** Your goal **
Starting at the line that contains "Video 14, 14", copy every line to the end of the material below exactly, and omit the pictures.

** Source data **
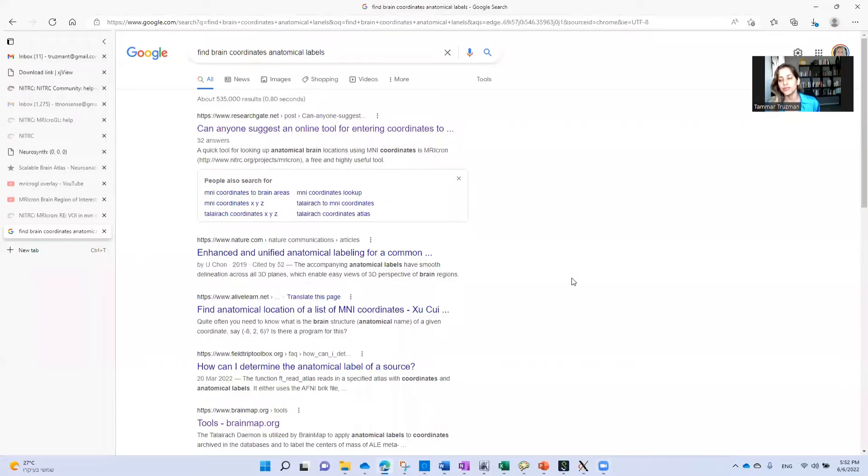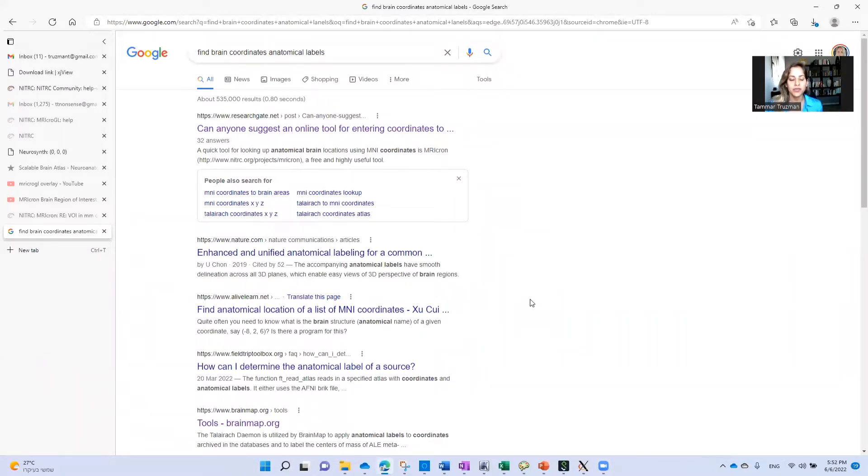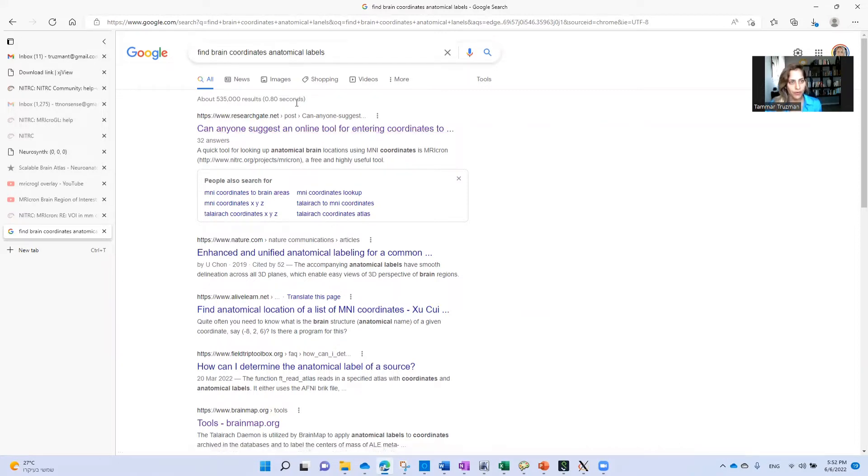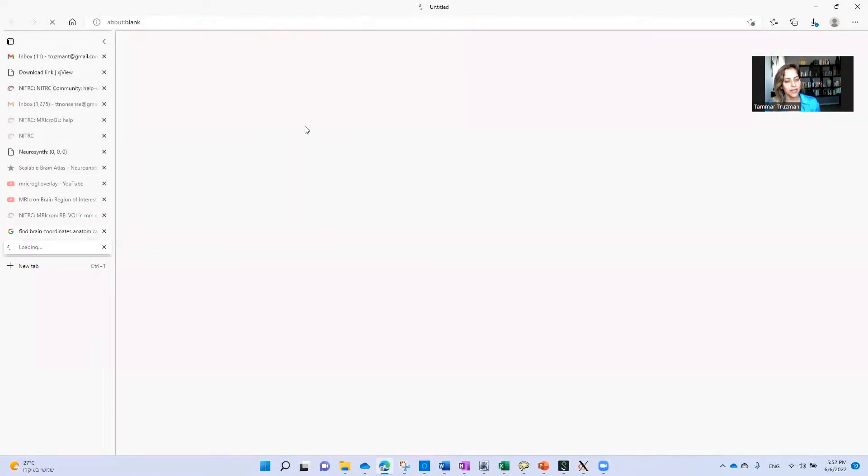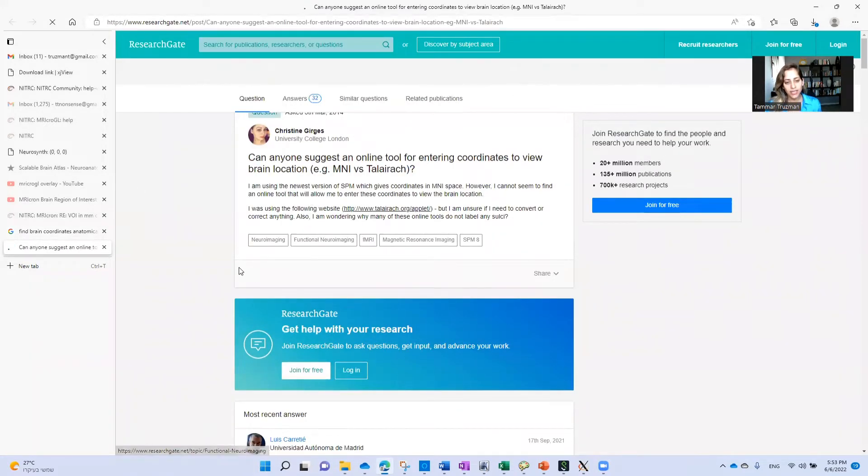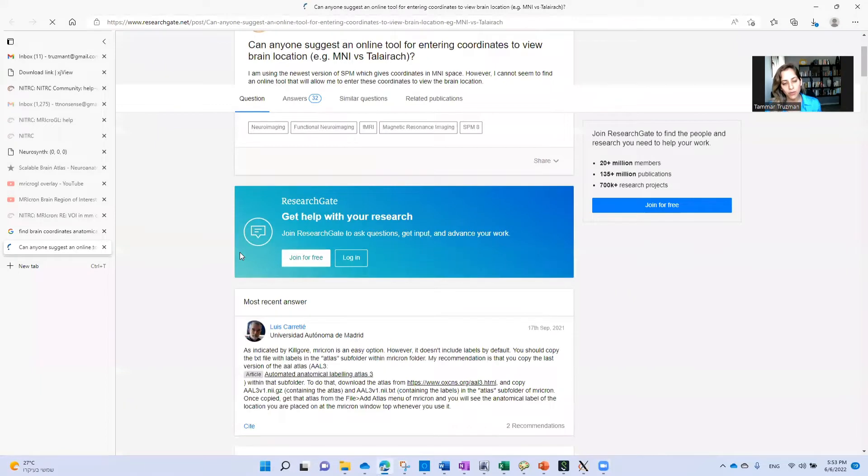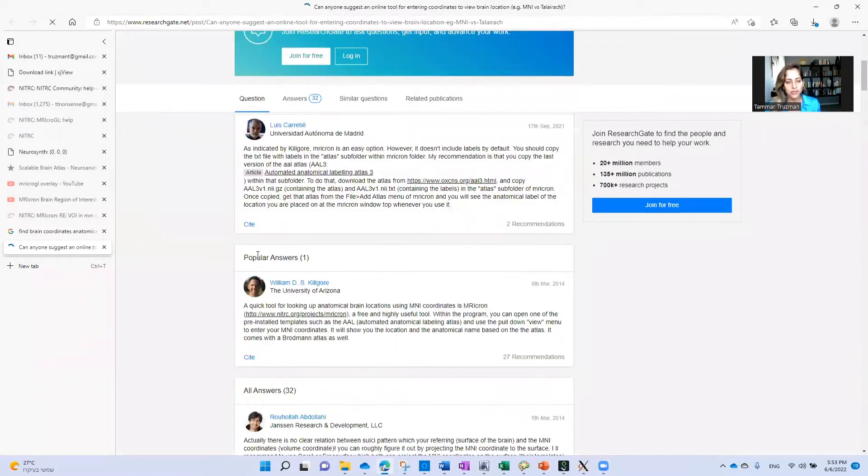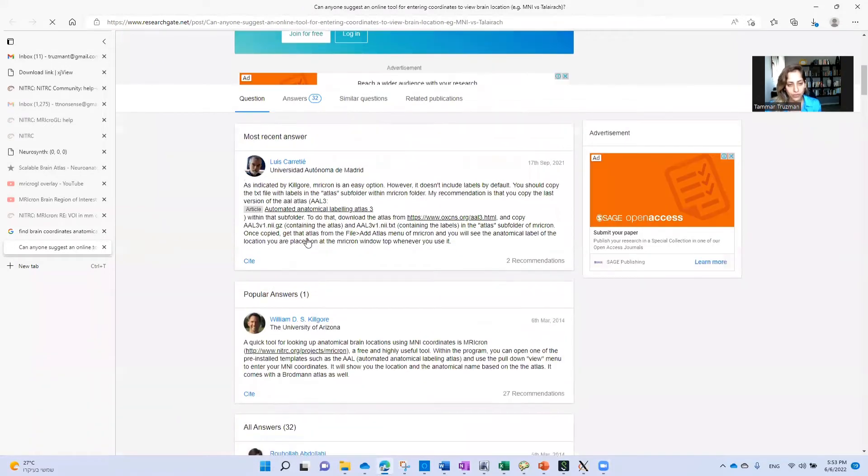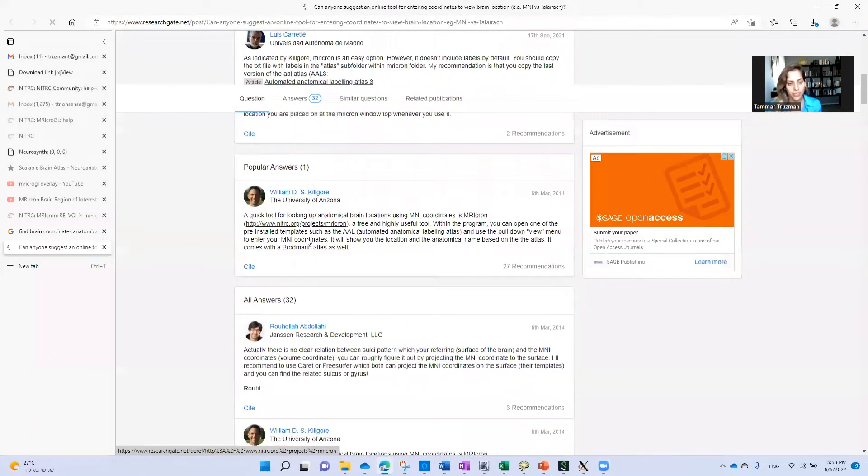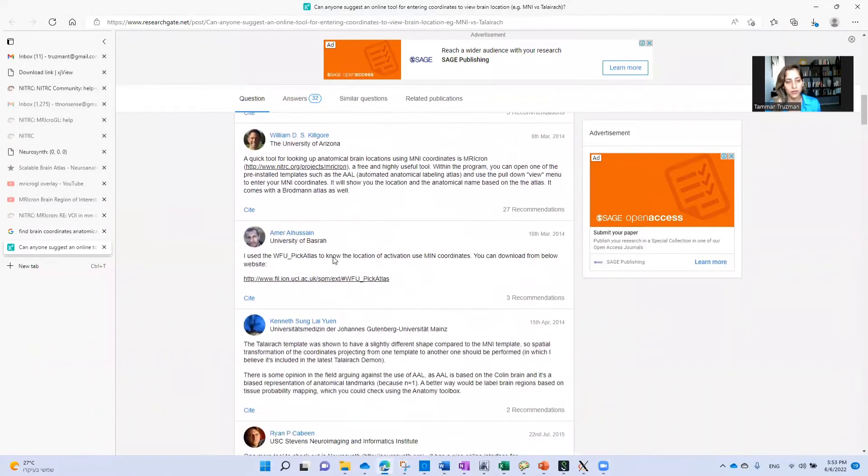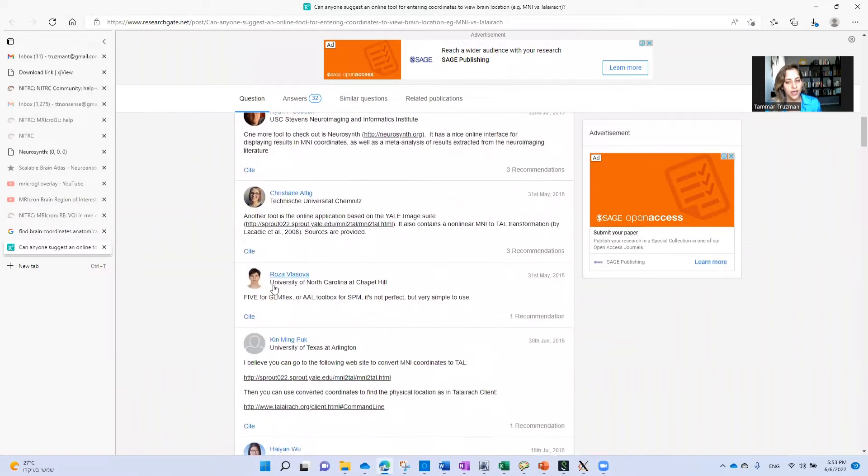Hi there again. This is a short video showing how to find anatomical regions or anatomical labels of brain coordinates. There are many tools available. For example, I typed this in Google and found in ResearchGate this question asked by Christine, and many people answered suggesting many tools to find anatomical labels for brain coordinates.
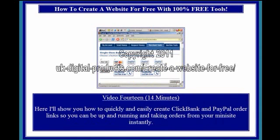Video 14, 14 minutes. Here I'll show you how to quickly and easily create Clickbank and PayPal order links, so that you can be up and running and taking orders from your mini site instantly.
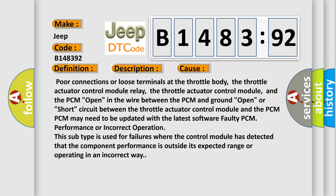This diagnostic error occurs most often in these cases: poor connections or loose terminals at the throttle body, the throttle actuator control module relay, the throttle actuator control module, and the PCM open.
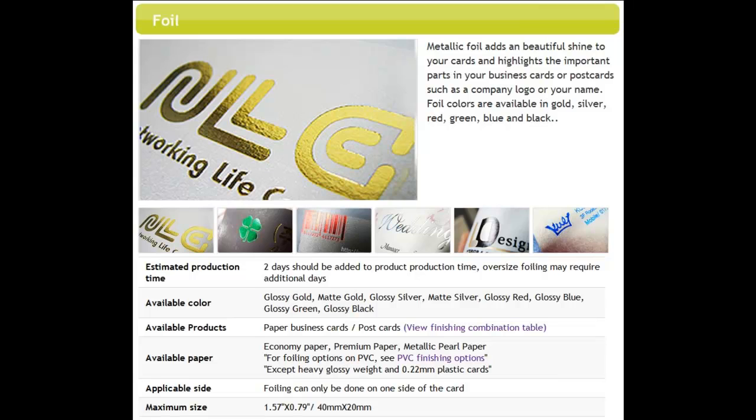Foiling is an option that can be added to any of our paper stocks, and with all finishing options, foiling can only be applied to one side of the card.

** Result **
Video 14, 14 minutes. Here I'll show you how to quickly and easily create Clickbank and PayPal order links, so that you can be up and running and taking orders from your mini site instantly.
This diagnostic error occurs most often in these cases: poor connections or loose terminals at the throttle body, the throttle actuator control module relay, the throttle actuator control module, and the PCM open.
Foiling is an option that can be added to any of our paper stocks, and with all finishing options, foiling can only be applied to one side of the card.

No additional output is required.